The Brownsville Herald reports:
It took jurors two days to deliver their guilty verdict and another three days to sentence [Traci] Rhode to 10 years supervised release. Judge Ben Euresti tacked on a $10,000 fine to her punishment and she was released from the Carrizalez-Rucker Detention Center within a few hours.
"(They waited) for two days before they came out with their guilty verdict because they were not su," [Rhode's lawyer Ernesto] Gamez suspects .....
She has maintained her innocence throughout the trial, claiming Scott Rhode shot himself in their bedroom while she showered after a morning walk.
The prosecutors counter that Traci awoke at about 5 a.m. on Oct. 15, 2003, and shot her husband with a .45-caliber handgun while he slept.
She went jogging around their Briarwick Subdivision neighborhood then took a bath before calling police to report the shooting, they argued....
Prosecutors alleged that Traci killed so that she could collect her husband's life insurance policy and continue an affair with a co-worker.
She is the beneficiary of a $600,000 life and accidental death policy for Scott. It was not clear Thursday who would receive those benefits now that she's been convicted in his death.
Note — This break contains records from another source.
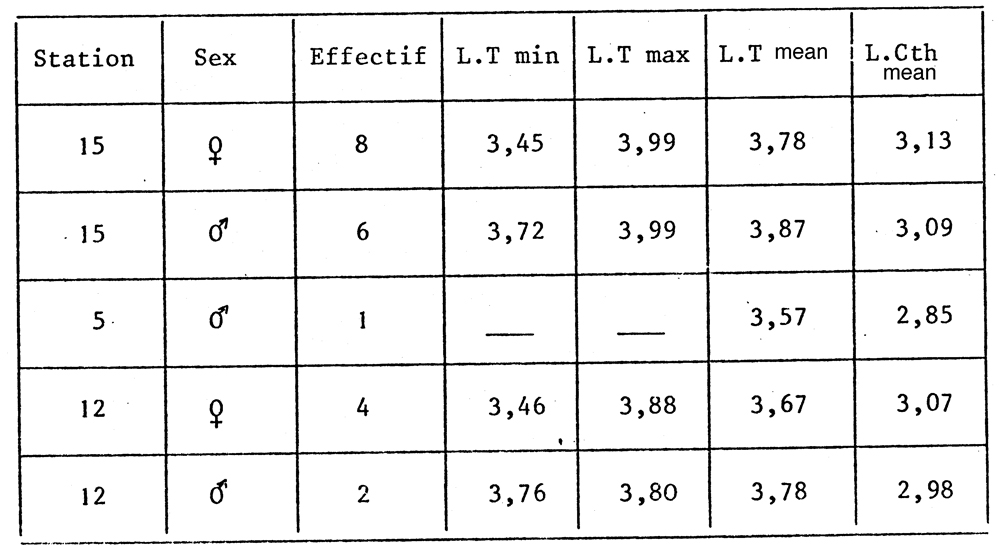Espce Candacia maxima - Planche 11 de figures morphologiques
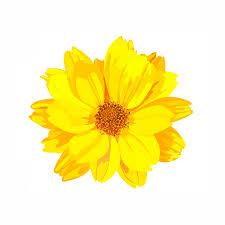 Image result for Chrysanthellum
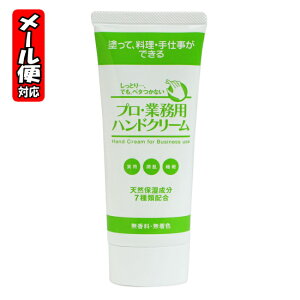 _撅N[|sI1120()^y[05zv Ɩp nhN[  (60g) z [Gߕi2aw]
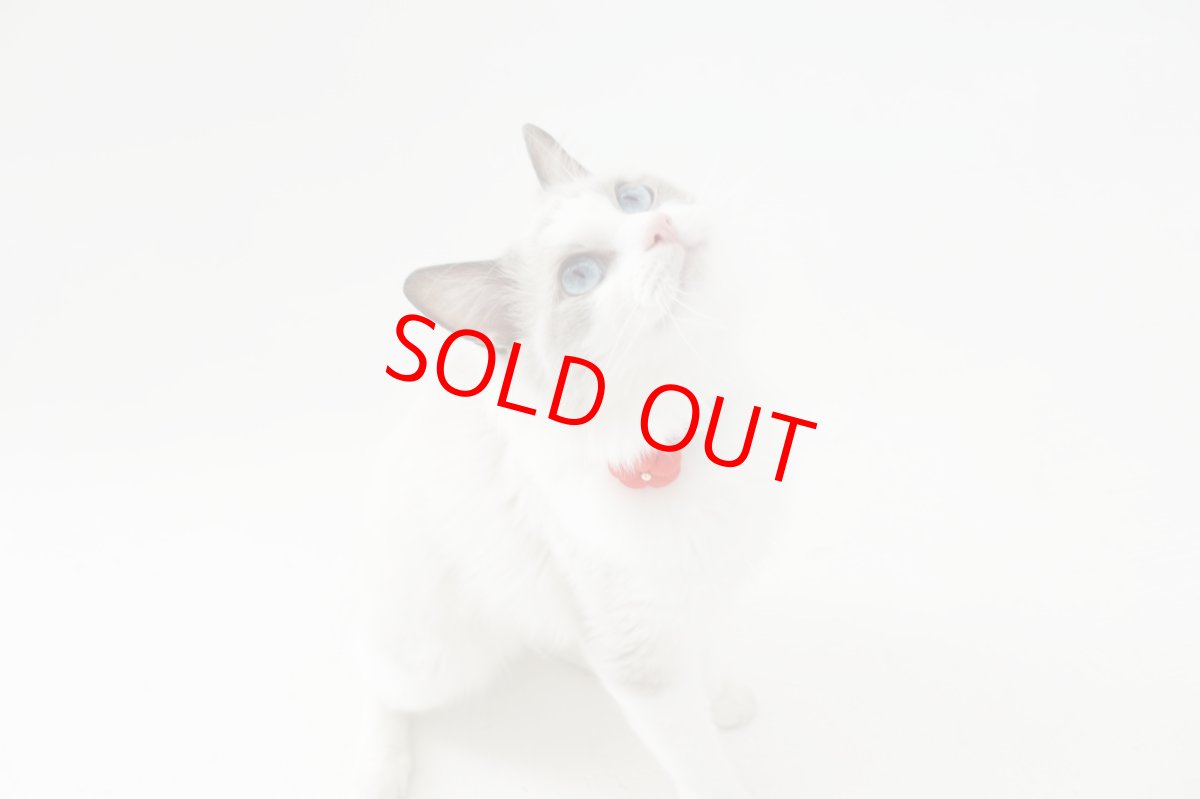 画像8: 梅モチーフの和柄首輪・ピンク色首輪（梅2色展開） (8)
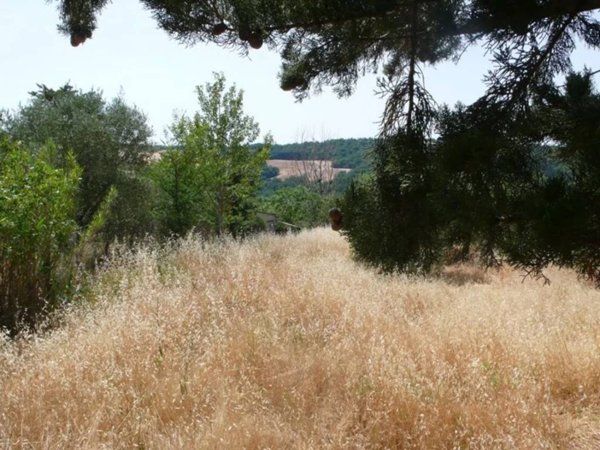 casale in vendita a Radicofani in zona Contignano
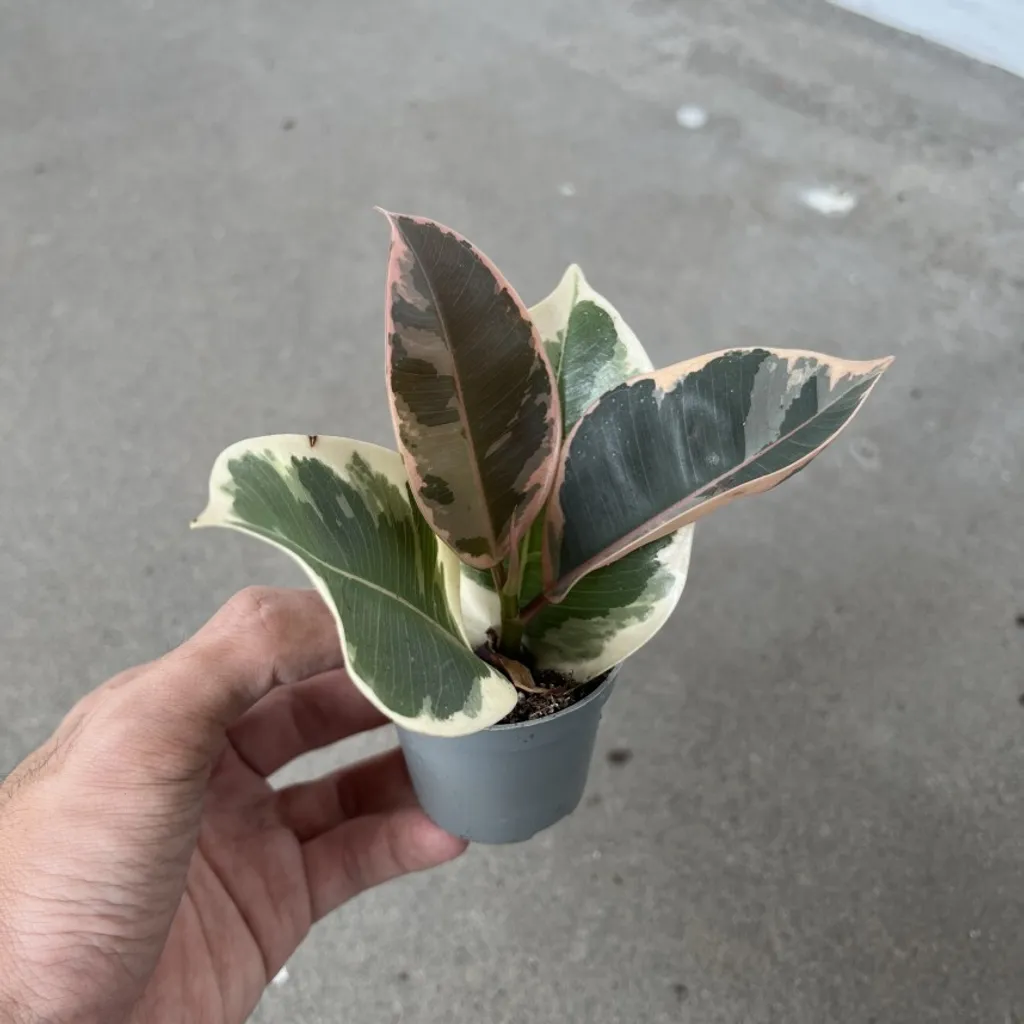 ficus-elastica-tineke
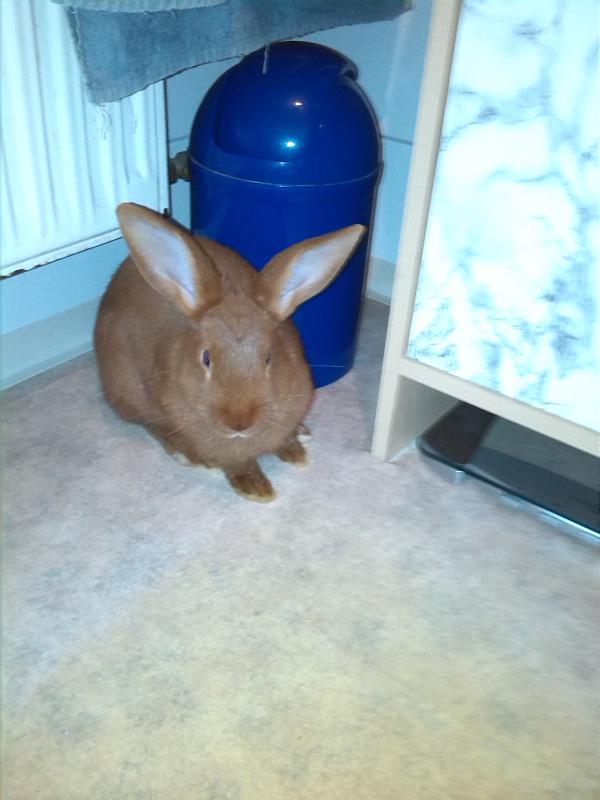Chicco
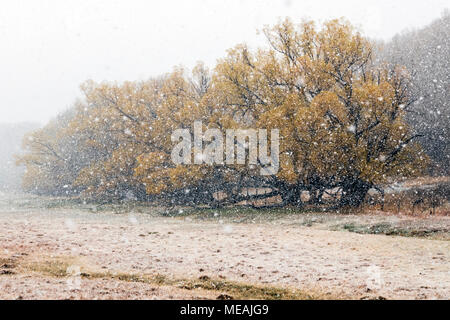 Großen späten Frühling Schneeflocken; Hintergrund; Fremont cottonwood Bäumen, Blättern, Salida, Colorado, USA Stockfoto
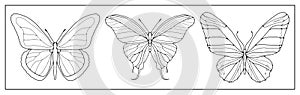 A set of three contours of butterflies on a white background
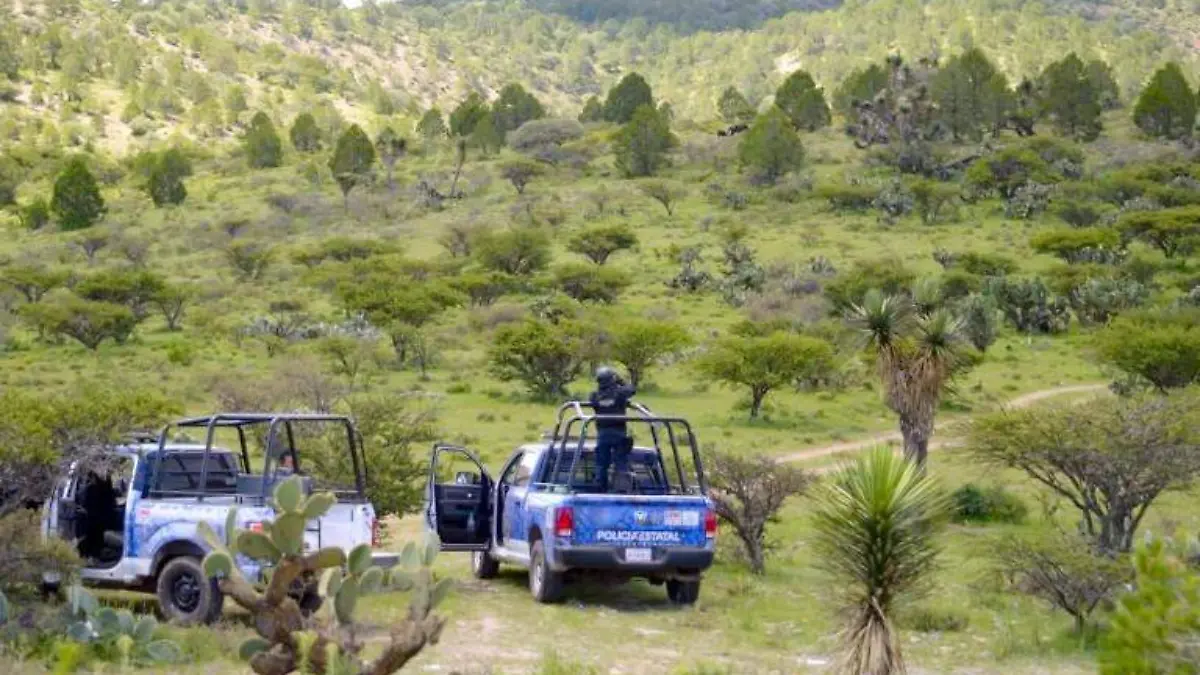 Elementos de la Policía Estatal Preventiva en operativo en zona serrana de Zacatecas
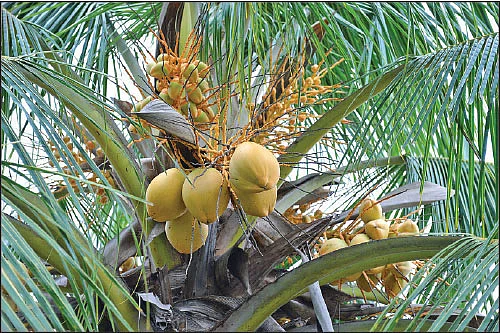 5 ஏக்கர் நிலம்... ரூ. 6 லட்சம் வருமானம் - கீரை, காய்கறிகள், வாழை, தென்னை...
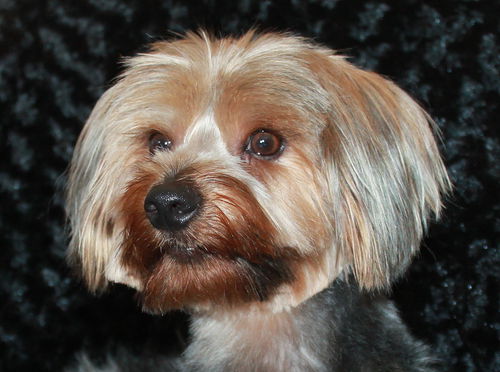 Charlie
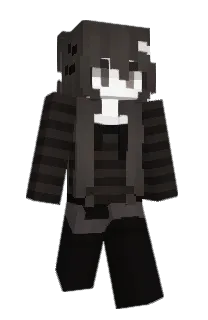 Front of iyvw's skin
"That's a civil issue that I'm not involved with," Gamez said. "The monies will probably go to the children, and rightfully so." ...
A new law passed by the Texas Legislature and effective since Sept. 1 prohibits murderers from receiving community supervised release. The law only applies to cases that take place after the effective date....
This is pretty puzzling to me; the jury convicted, which means they didn't buy the defense's "husband shot himself" theory. But if the wife deliberately killed him, what's the basis for the probation sentence for a deliberate murderer? Is there some factual twist that I'm not aware of (and that my quick searches haven't uncovered for me)? Is the suspicion that this is some odd compromise verdict, with the jury not being sure whether there was reasonable doubt, and deciding to convict but free instead of convicting and imprisoning or acquitting?
Note, incidentally, that Texas is one of several states (about five, I think) that provides for jury sentencing as at least an option in noncapital cases. In most states, sentencing in noncapital cases is done by the judge.